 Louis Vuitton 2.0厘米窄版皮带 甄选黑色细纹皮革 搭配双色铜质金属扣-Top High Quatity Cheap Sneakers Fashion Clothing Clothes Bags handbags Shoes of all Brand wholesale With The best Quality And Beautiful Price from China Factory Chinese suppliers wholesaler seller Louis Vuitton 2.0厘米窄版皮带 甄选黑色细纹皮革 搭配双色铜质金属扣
=-=-=
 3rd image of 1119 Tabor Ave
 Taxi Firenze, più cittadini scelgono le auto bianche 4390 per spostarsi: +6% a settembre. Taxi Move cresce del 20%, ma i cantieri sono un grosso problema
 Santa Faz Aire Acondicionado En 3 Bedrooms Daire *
=-=-=
#### Brief:
Given the data above, transcribe exactly the lines from the one containing "Taxi Firenze, più" down to the one containing "Santa Faz Aire", and no others.

#### Response below:
 Taxi Firenze, più cittadini scelgono le auto bianche 4390 per spostarsi: +6% a settembre. Taxi Move cresce del 20%, ma i cantieri sono un grosso problema
 Santa Faz Aire Acondicionado En 3 Bedrooms Daire *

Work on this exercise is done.